Estratégia é usada devido à longa queda do dólar

JANAINA LAGE
DA SUCURSAL DO RIO

Começou com a importação crescente de insumos, mas a apreciação prolongada do real levou segmentos tradicionais da indústria a jogar a toalha e recorrer à importação de bens acabados.
Dessa forma, algumas empresas reduziram sua atuação ao papel de importadoras de parte da linha de produtos enquanto o governo ainda avalia como evitar que o dólar teste novos pisos abaixo de R$ 2.
É o caso da Suggar, tradicional fabricante de exaustores. No passado, chegou a exportar 14 mil secadoras de roupas por mês. Com a valorização do real, Lúcio Costa, dono da empresa, optou por importar bens acabados. Com isso, passou a oferecer 40 produtos -34 importados, sendo 28 chineses.

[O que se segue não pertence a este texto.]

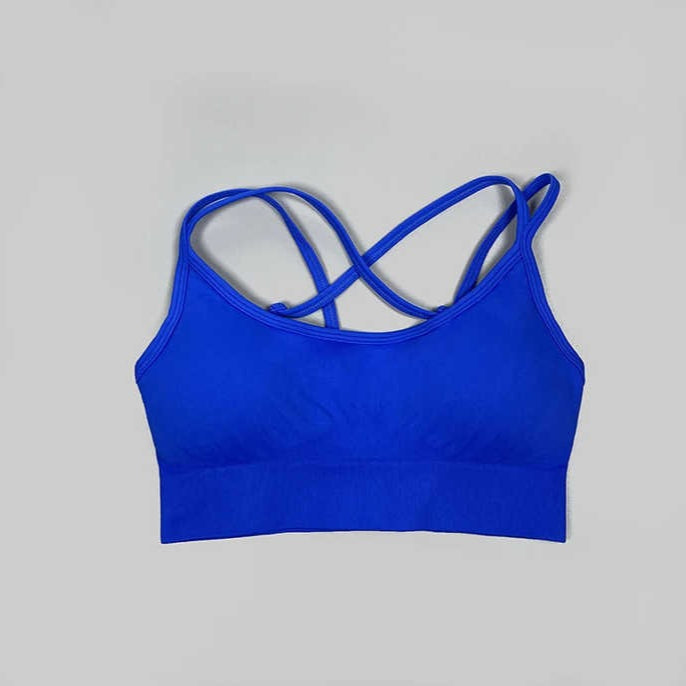 Rib-Knit Ladies High Waist Breathable Sport Pants And ZigZag Back Padded Bra Blue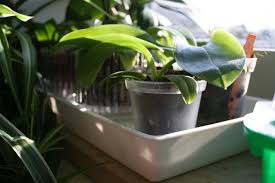 Repot your orchids only if, when the plant and roots are overgrowing the pot. Repotting Orchids A Step By Step Manual Orchideenfans Blog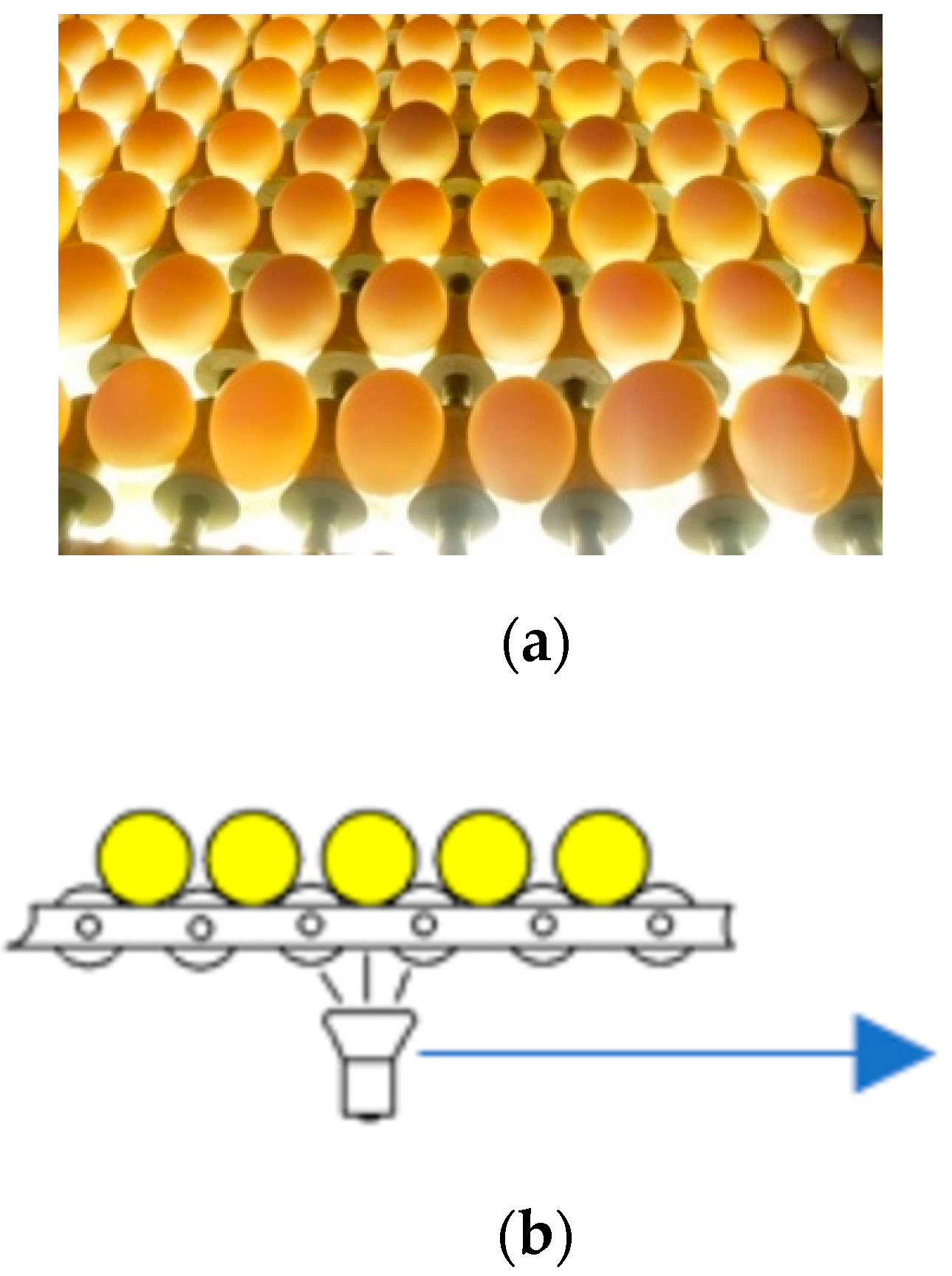 Electronics 08 01367 g002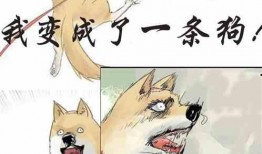 吃瓜要主动小说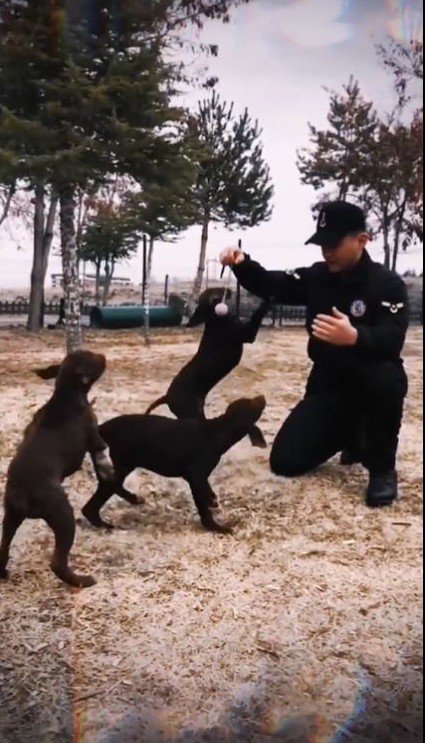 Jandarmanın görev köpekleri eğitimlerine devam ediyor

"Cada produto custaria, no mínimo, R$ 10 milhões para ser fabricado no Brasil. Estou nesse ramo desde 1966, já passei por superinflação, confisco da poupança, meus principais clientes pediram concordata. Decidi pegar minhas ferramentas, passar graxa e guardar. Quem sabe amanhã começo a produzir mais novamente."
Segundo Costa, a estratégia tem sido adotada por todas as empresas de eletrodomésticos de pequeno volume. "Só não fazem isso com a máquina de lavar porque o frete não vale a pena. O contêiner ainda é caro", disse. Com a nova estratégia, teve de cortar 104 empregos.

Cenário indefinido
Segundo Antonio Licha, professor do Grupo de Conjuntura da UFRJ, é difícil distinguir no atual cenário o que é resultado da apreciação cambial e o que é sinônimo da nova especialização do trabalho decorrente do efeito China. Na prática, o processo poderia resultar até mesmo no desaparecimento de alguns segmentos industriais.

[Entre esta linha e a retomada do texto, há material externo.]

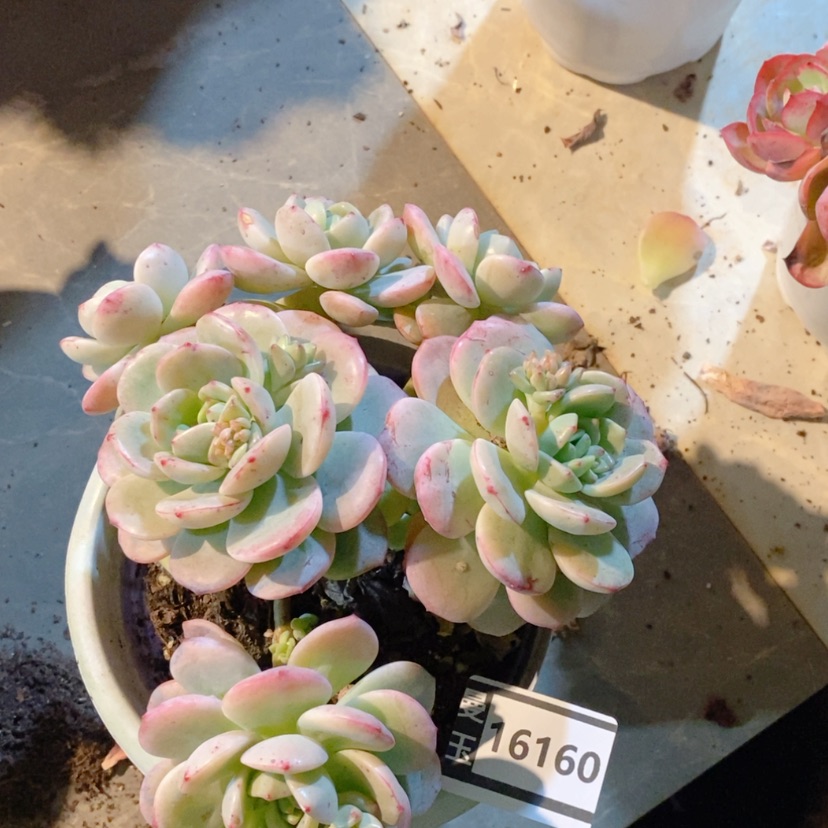 【闪购商品】香草16160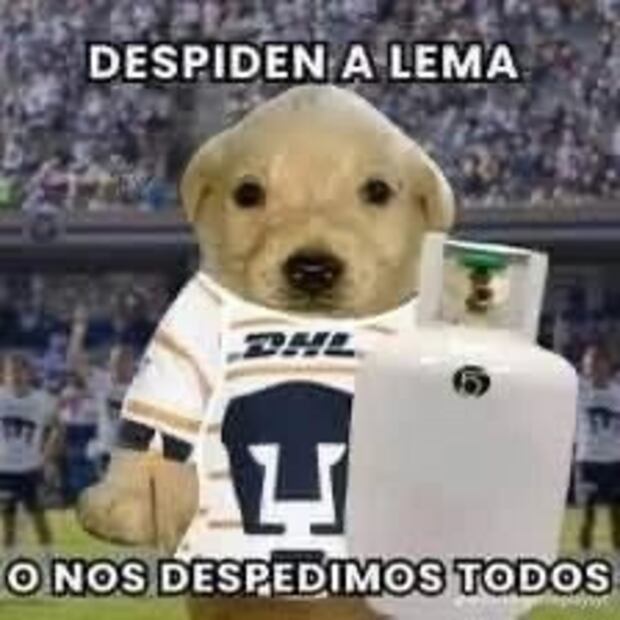 Memes de Gustavo Lema. FOTO: ESPECIAL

"A apreciação cambial pode ser revertida em algum momento. Os setores que estão importando bens não vão mais conseguir importar e terão fechado as unidades domésticas. Isso cria uma incógnita sobre o futuro da indústria."
Para Licha, a taxa de câmbio atual já prejudica as montadoras de veículos que vieram para o Brasil durante a década de 90. O eventual fechamento de unidades poderia acentuar ainda mais as desigualdades regionais e estimular o fluxo de mudanças entre as regiões. "Se fecha uma fábrica na Bahia, a tendência é o operário procurar emprego em outras regiões."

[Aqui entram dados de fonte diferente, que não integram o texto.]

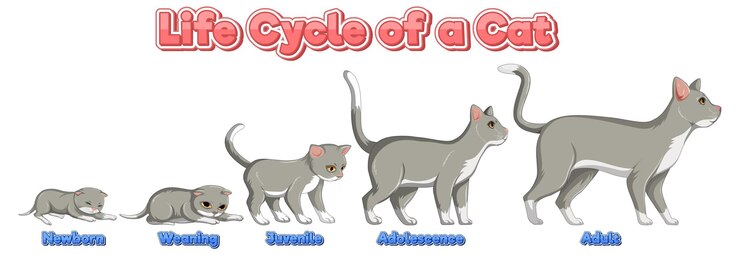 Vetor grátis ciência ciclo de vida do gato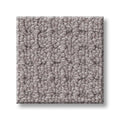 FAINT INTENT 100% Nylon Carpet 12 ft. x Custom Length R2X® Built-in Stain & Soil Protection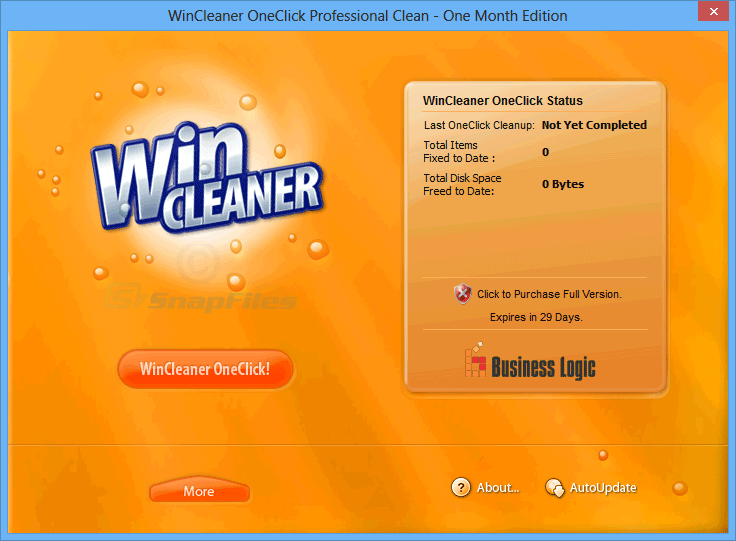 screen capture of WinCleaner One Click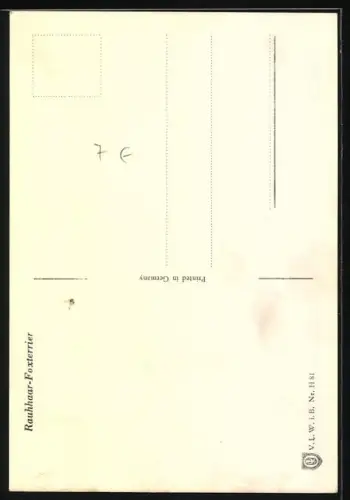 AK Rauhaar-Foxterrier mit gebeugtem Kopf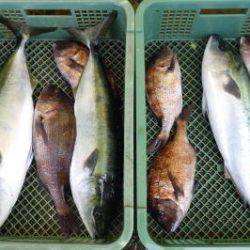 淡路じゃのひれフィッシングパーク 釣果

Enquanto o cenário cambial não se define, o presidente da fabricante de brinquedos Estrela, Carlos Tilkian, afirma que traçou uma estratégia que permite produzir ou importar de acordo com o cenário.
Em 2007, a fabricante de brinquedos estima que as importações responderão por 40% do faturamento. A Estrela criou uma campanha de relançamento dos brinquedos mais tradicionais. Quem brincou de Genius (jogo de teste de memória, na década de 80) verá um produto agora produzido integralmente na China.

Câmbio ideal: R$ 2,70
Para José Augusto de Castro, vice-presidente da AEB (Associação de Comércio Exterior do Brasil), o dólar ideal para os exportadores seria na faixa de R$ 2,70. O razoável para contentar 80% dos exportadores seria na faixa de R$ 2,40 a R$ 2,50, patamar ainda distante do atual.
Outra estratégia adotada para driblar o real forte é acelerar o processo de internacionalização. A Marcopolo, fabricante de carrocerias de ônibus, aumentou a produção em unidades no México, na África do Sul e na Colômbia para enfrentar a concorrência. Além disso, reduziu a exportação de insumos e de componentes brasileiros para essas unidades.
"Passamos a aproveitar os insumos e os componentes locais", afirma Nelson Gehrke, diretor de operações comerciais do mercado externo. A maior parte (74%) das exportações da Marcopolo está concentrada na América do Sul.
A Azaléia, fabricante de calçados, adotou estratégia similar. Decidiu focar no mercado interno. No primeiro trimestre, as exportações caíram 40,3% com a valorização do real. A meta é mesclar o abastecimento do mercado externo com exportações do Brasil e da China.